Segment Start: Task material

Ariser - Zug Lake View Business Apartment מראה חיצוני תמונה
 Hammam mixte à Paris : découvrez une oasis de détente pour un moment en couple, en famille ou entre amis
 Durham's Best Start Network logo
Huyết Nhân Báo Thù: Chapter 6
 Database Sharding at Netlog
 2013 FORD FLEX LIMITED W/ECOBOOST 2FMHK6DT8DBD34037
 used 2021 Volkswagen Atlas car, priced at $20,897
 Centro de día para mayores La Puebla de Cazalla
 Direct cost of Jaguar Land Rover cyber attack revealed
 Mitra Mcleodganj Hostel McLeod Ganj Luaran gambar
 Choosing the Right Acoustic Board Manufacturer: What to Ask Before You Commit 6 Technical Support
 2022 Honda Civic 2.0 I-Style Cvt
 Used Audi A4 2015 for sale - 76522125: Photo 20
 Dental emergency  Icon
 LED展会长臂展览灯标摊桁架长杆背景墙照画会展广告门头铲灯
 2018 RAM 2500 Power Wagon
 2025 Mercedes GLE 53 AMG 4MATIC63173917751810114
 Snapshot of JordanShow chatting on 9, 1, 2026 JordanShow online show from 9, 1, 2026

Segment End: Task material

What the task asks: Print the entries exactly.

Solution for this task:
Ariser - Zug Lake View Business Apartment מראה חיצוני תמונה
 Hammam mixte à Paris : découvrez une oasis de détente pour un moment en couple, en famille ou entre amis
 Durham's Best Start Network logo
Huyết Nhân Báo Thù: Chapter 6
 Database Sharding at Netlog
 2013 FORD FLEX LIMITED W/ECOBOOST 2FMHK6DT8DBD34037
 used 2021 Volkswagen Atlas car, priced at $20,897
 Centro de día para mayores La Puebla de Cazalla
 Direct cost of Jaguar Land Rover cyber attack revealed
 Mitra Mcleodganj Hostel McLeod Ganj Luaran gambar
 Choosing the Right Acoustic Board Manufacturer: What to Ask Before You Commit 6 Technical Support
 2022 Honda Civic 2.0 I-Style Cvt
 Used Audi A4 2015 for sale - 76522125: Photo 20
 Dental emergency  Icon
 LED展会长臂展览灯标摊桁架长杆背景墙照画会展广告门头铲灯
 2018 RAM 2500 Power Wagon
 2025 Mercedes GLE 53 AMG 4MATIC63173917751810114
 Snapshot of JordanShow chatting on 9, 1, 2026 JordanShow online show from 9, 1, 2026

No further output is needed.